[Caption-style text data]
::::

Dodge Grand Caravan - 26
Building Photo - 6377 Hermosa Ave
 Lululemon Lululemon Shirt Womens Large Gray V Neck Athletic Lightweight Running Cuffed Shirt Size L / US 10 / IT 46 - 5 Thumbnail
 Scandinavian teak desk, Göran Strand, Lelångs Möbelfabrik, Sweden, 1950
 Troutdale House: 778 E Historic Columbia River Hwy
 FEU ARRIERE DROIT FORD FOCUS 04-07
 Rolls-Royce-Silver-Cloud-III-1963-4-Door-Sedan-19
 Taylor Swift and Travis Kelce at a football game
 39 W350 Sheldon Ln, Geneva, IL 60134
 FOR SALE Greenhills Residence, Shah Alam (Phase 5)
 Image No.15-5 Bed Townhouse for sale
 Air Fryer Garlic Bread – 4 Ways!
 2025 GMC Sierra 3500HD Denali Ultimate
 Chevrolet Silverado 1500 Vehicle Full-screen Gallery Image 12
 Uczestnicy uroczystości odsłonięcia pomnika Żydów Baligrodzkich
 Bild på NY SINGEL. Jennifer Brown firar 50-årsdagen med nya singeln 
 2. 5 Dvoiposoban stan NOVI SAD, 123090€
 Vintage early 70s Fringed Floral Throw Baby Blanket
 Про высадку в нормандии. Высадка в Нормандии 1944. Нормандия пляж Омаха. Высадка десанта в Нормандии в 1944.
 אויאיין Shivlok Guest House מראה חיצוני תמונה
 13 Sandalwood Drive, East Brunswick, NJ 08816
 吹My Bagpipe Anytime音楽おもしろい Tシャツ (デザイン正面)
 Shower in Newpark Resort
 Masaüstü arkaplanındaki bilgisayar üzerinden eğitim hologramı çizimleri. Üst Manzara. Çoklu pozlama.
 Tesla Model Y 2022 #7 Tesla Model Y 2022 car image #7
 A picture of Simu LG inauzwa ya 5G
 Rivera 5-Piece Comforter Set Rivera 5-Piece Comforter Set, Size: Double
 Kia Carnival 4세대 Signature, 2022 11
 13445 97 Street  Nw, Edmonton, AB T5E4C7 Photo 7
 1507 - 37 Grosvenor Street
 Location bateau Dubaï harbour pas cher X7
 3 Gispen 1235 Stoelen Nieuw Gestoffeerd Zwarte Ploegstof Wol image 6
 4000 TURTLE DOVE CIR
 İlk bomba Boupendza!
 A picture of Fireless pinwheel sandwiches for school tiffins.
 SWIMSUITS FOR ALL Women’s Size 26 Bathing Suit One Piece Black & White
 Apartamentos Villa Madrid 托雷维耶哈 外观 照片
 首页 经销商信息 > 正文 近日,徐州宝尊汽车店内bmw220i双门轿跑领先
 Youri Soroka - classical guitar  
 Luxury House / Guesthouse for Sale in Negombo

::::

**What you will do**
Would you copy out each record precisely as it stands?

**Answer to this exercise**
Dodge Grand Caravan - 26
Building Photo - 6377 Hermosa Ave
 Lululemon Lululemon Shirt Womens Large Gray V Neck Athletic Lightweight Running Cuffed Shirt Size L / US 10 / IT 46 - 5 Thumbnail
 Scandinavian teak desk, Göran Strand, Lelångs Möbelfabrik, Sweden, 1950
 Troutdale House: 778 E Historic Columbia River Hwy
 FEU ARRIERE DROIT FORD FOCUS 04-07
 Rolls-Royce-Silver-Cloud-III-1963-4-Door-Sedan-19
 Taylor Swift and Travis Kelce at a football game
 39 W350 Sheldon Ln, Geneva, IL 60134
 FOR SALE Greenhills Residence, Shah Alam (Phase 5)
 Image No.15-5 Bed Townhouse for sale
 Air Fryer Garlic Bread – 4 Ways!
 2025 GMC Sierra 3500HD Denali Ultimate
 Chevrolet Silverado 1500 Vehicle Full-screen Gallery Image 12
 Uczestnicy uroczystości odsłonięcia pomnika Żydów Baligrodzkich
 Bild på NY SINGEL. Jennifer Brown firar 50-årsdagen med nya singeln 
 2. 5 Dvoiposoban stan NOVI SAD, 123090€
 Vintage early 70s Fringed Floral Throw Baby Blanket
 Про высадку в нормандии. Высадка в Нормандии 1944. Нормандия пляж Омаха. Высадка десанта в Нормандии в 1944.
 אויאיין Shivlok Guest House מראה חיצוני תמונה
 13 Sandalwood Drive, East Brunswick, NJ 08816
 吹My Bagpipe Anytime音楽おもしろい Tシャツ (デザイン正面)
 Shower in Newpark Resort
 Masaüstü arkaplanındaki bilgisayar üzerinden eğitim hologramı çizimleri. Üst Manzara. Çoklu pozlama.
 Tesla Model Y 2022 #7 Tesla Model Y 2022 car image #7
 A picture of Simu LG inauzwa ya 5G
 Rivera 5-Piece Comforter Set Rivera 5-Piece Comforter Set, Size: Double
 Kia Carnival 4세대 Signature, 2022 11
 13445 97 Street  Nw, Edmonton, AB T5E4C7 Photo 7
 1507 - 37 Grosvenor Street
 Location bateau Dubaï harbour pas cher X7
 3 Gispen 1235 Stoelen Nieuw Gestoffeerd Zwarte Ploegstof Wol image 6
 4000 TURTLE DOVE CIR
 İlk bomba Boupendza!
 A picture of Fireless pinwheel sandwiches for school tiffins.
 SWIMSUITS FOR ALL Women’s Size 26 Bathing Suit One Piece Black & White
 Apartamentos Villa Madrid 托雷维耶哈 外观 照片
 首页 经销商信息 > 正文 近日,徐州宝尊汽车店内bmw220i双门轿跑领先
 Youri Soroka - classical guitar  
 Luxury House / Guesthouse for Sale in Negombo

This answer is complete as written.